**DATA FOR REVIEW**
· · · ·

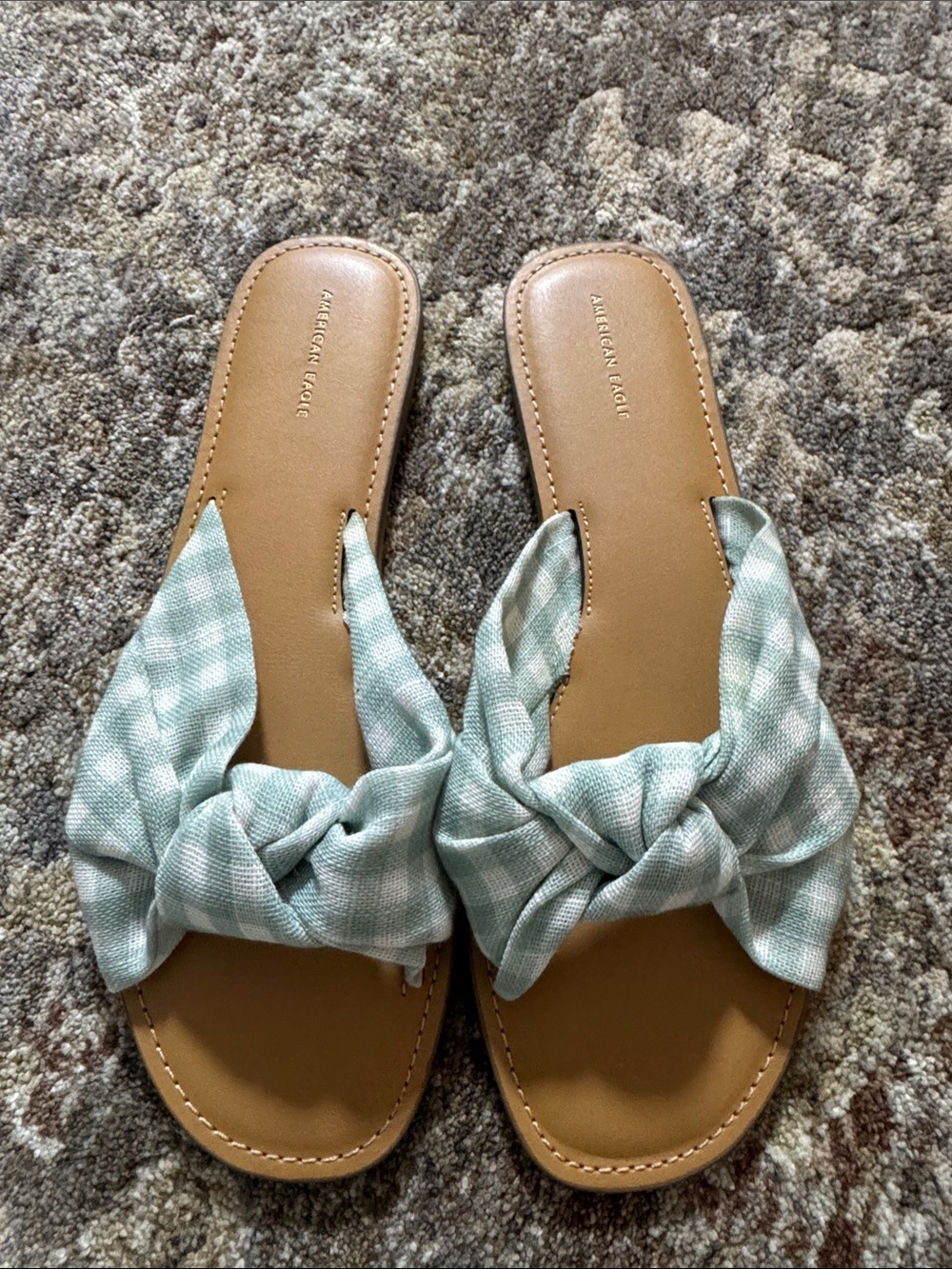 BNWT American Eagle sandals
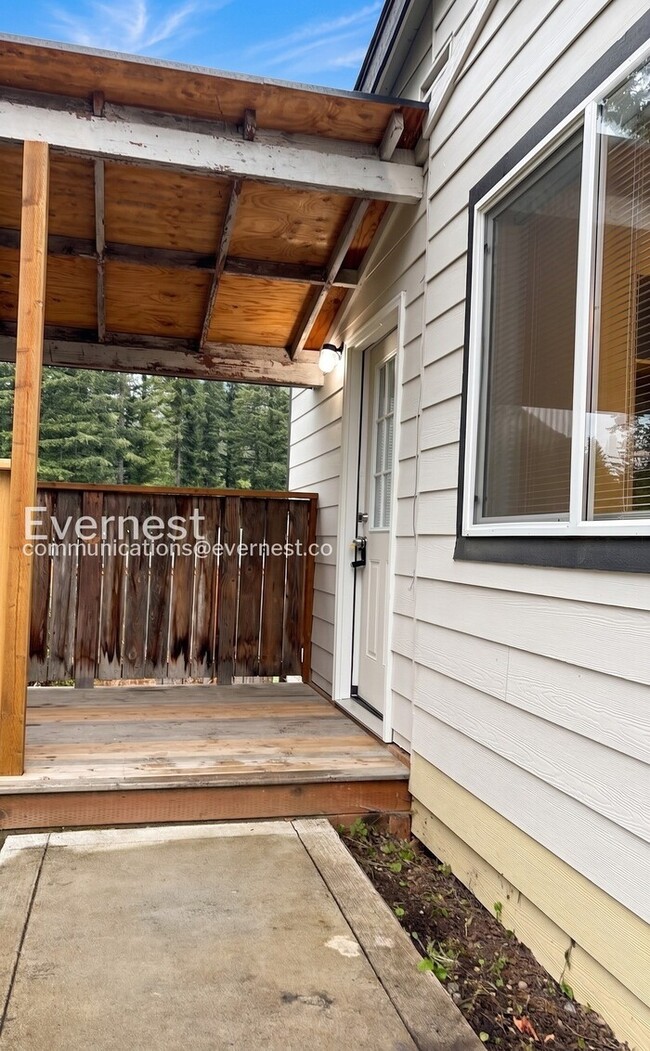 Building Photo - 2-Bed/1-Bath Town Home/ Available Now!
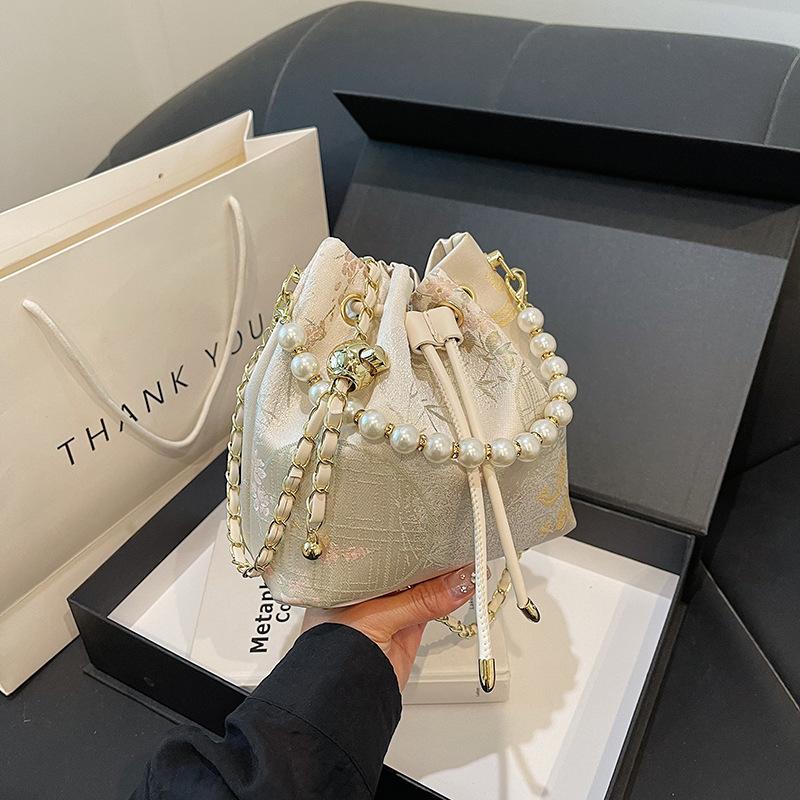2026 Newest Chinese Style Embroidered Bucket Bag Small Pearl Chain Natial Handbag Luxury Crossbody Bag Gifts For Lady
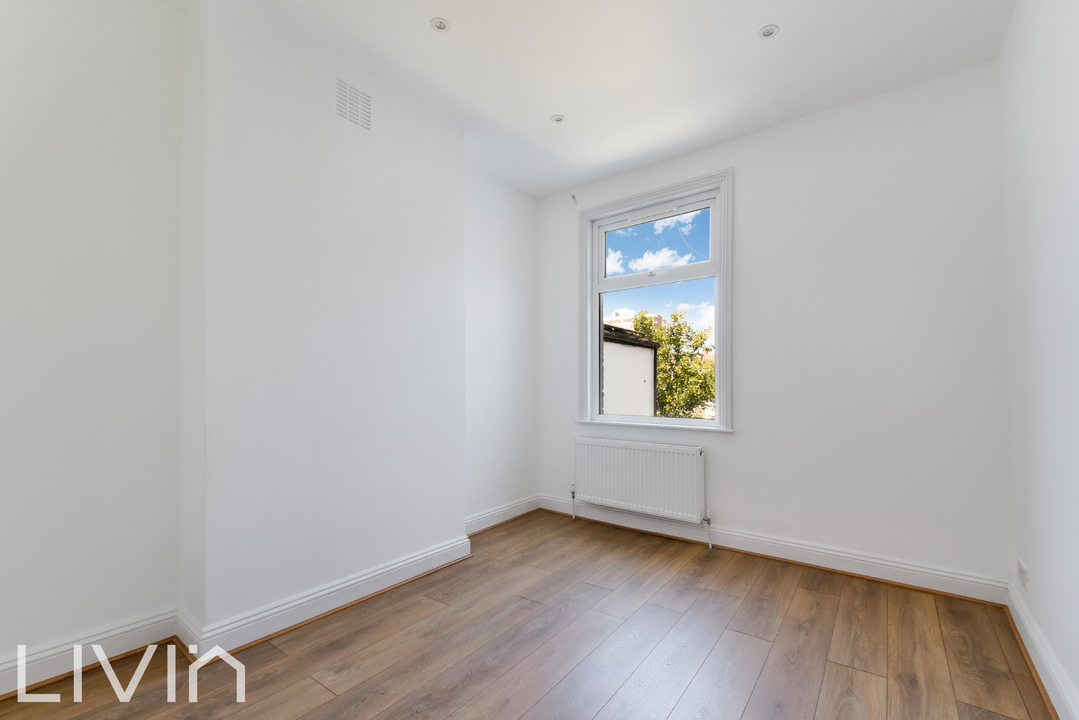 3 bed terraced house to rent in Boswell Road, Thornton Heath  - Property Image 8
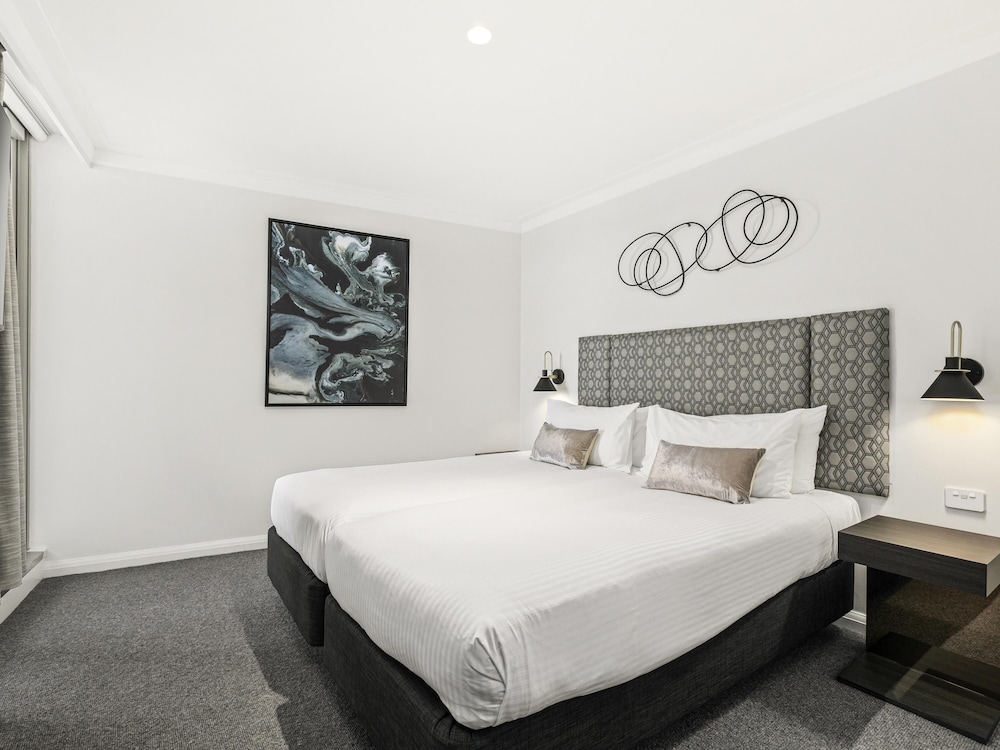 Apartamento Deluxe de dos habitaciones con camas King y vistas al puerto del hotel Pullman Quay Grand Sydney Harbour. Foto 4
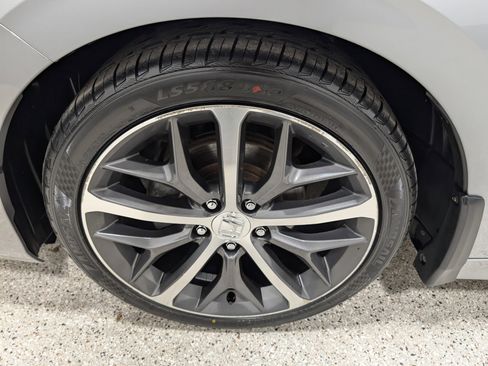 Used 2022 Honda Civic Touring image 9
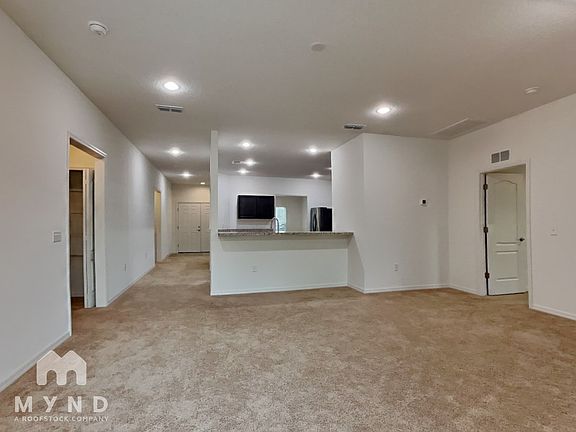 2nd image of 1167 Woodland Oaks Dr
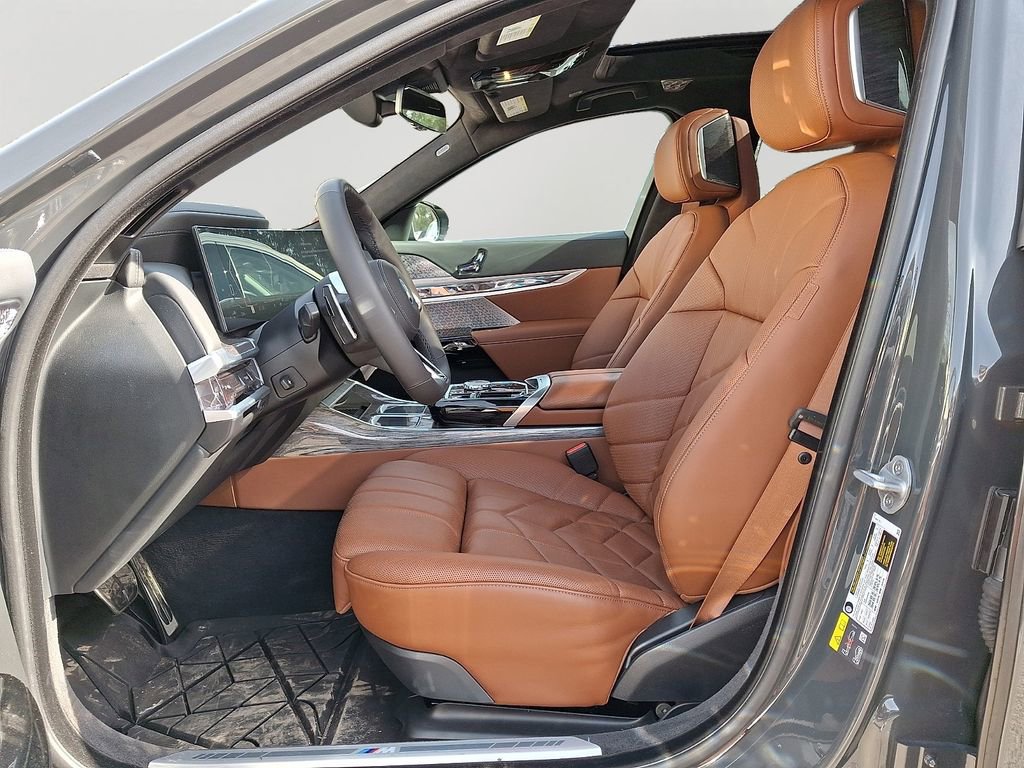 Certified 2025 BMW 750e xDrive w/ Executive Package image 14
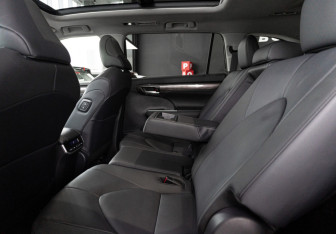 Новый Toyota Highlander 2025 (16 фото)
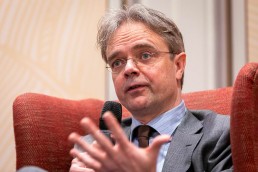 Closeup of a speaker moving his hand during the GC Summit Belgium 2020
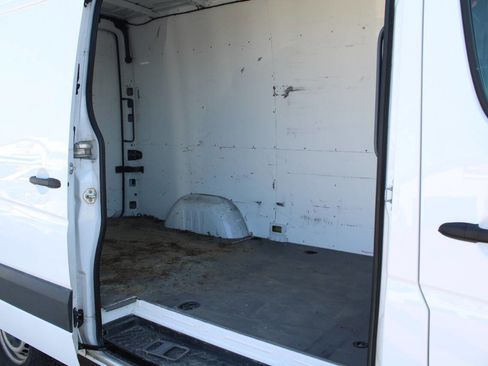Used 2018 Mercedes-Benz Sprinter 2500 image 6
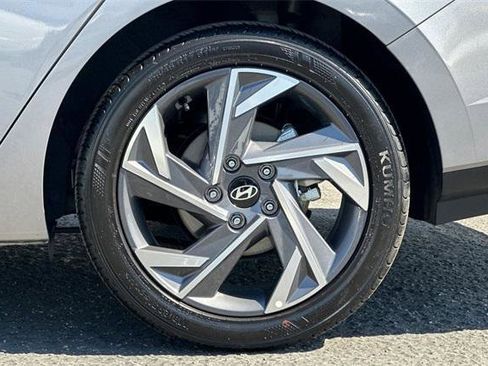 Certified 2025 Hyundai Elantra Sport image 26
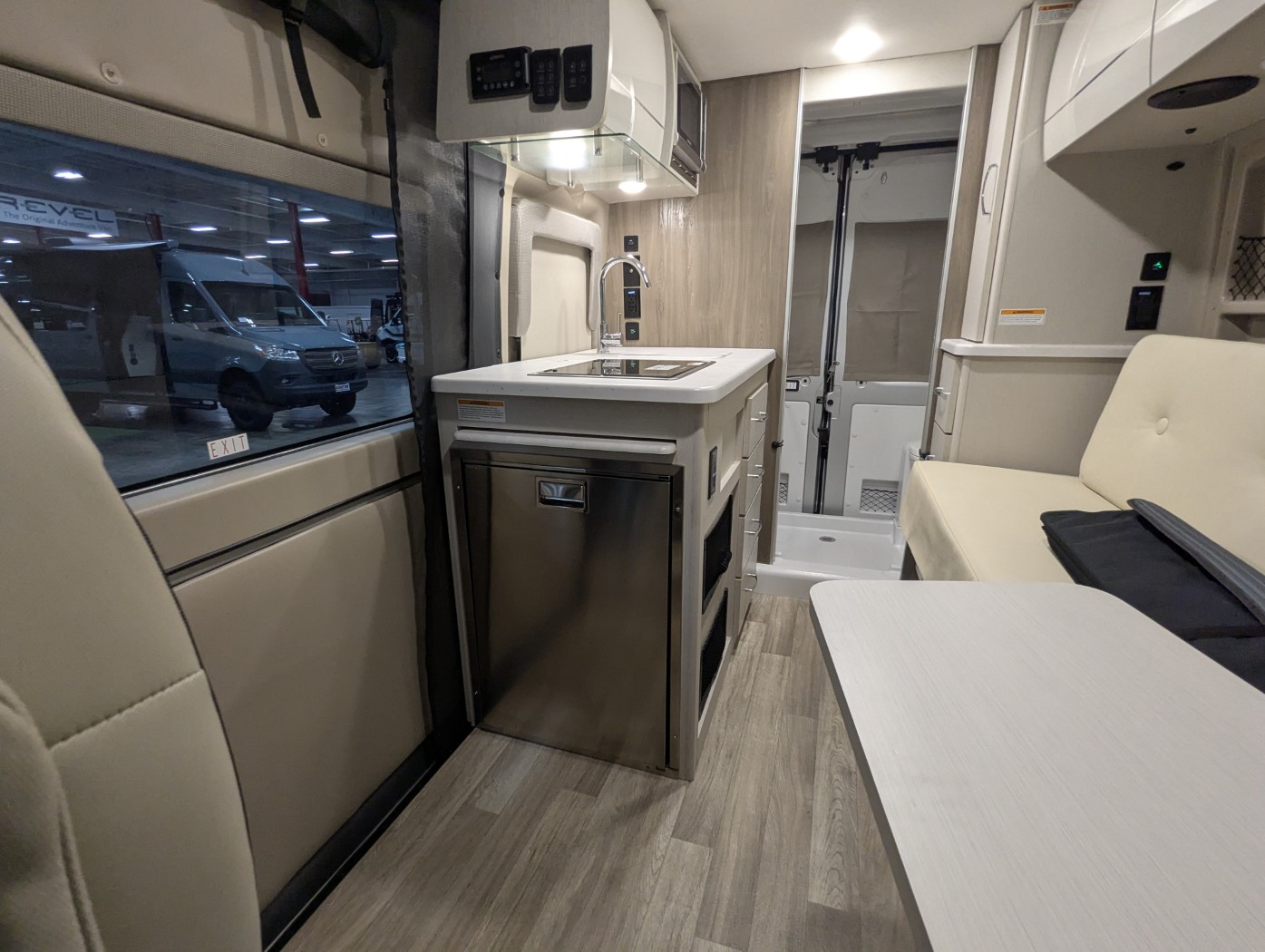 2024 Thor Motor Coach Rize 18M - Image 24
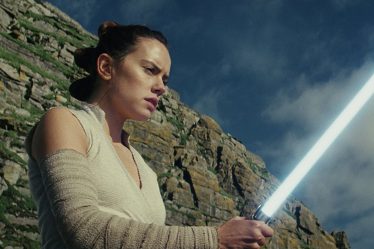 La rétrospective des Derniers Jedi : La dernière/meilleure chance de Disney de faire un grand film Star Wars - That Shelf - 9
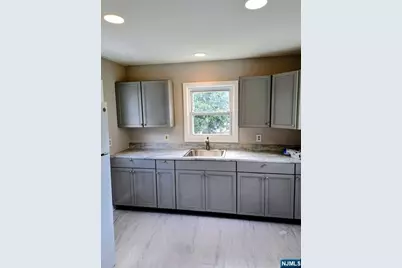 248 Central Avenue, Englewood, NJ 07631 - Photo 4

· · · ·

**DIRECTIONS FOR THIS TASK**
Repeat the lines above exactly, and keep every picture out.

**TASK RESPONSE**
 BNWT American Eagle sandals
 Building Photo - 2-Bed/1-Bath Town Home/ Available Now!
2026 Newest Chinese Style Embroidered Bucket Bag Small Pearl Chain Natial Handbag Luxury Crossbody Bag Gifts For Lady
 3 bed terraced house to rent in Boswell Road, Thornton Heath  - Property Image 8
 Apartamento Deluxe de dos habitaciones con camas King y vistas al puerto del hotel Pullman Quay Grand Sydney Harbour. Foto 4
 Used 2022 Honda Civic Touring image 9
 2nd image of 1167 Woodland Oaks Dr
 Certified 2025 BMW 750e xDrive w/ Executive Package image 14
 Новый Toyota Highlander 2025 (16 фото)
 Closeup of a speaker moving his hand during the GC Summit Belgium 2020
Used 2018 Mercedes-Benz Sprinter 2500 image 6
 Certified 2025 Hyundai Elantra Sport image 26
 2024 Thor Motor Coach Rize 18M - Image 24
 La rétrospective des Derniers Jedi : La dernière/meilleure chance de Disney de faire un grand film Star Wars - That Shelf - 9
 248 Central Avenue, Englewood, NJ 07631 - Photo 4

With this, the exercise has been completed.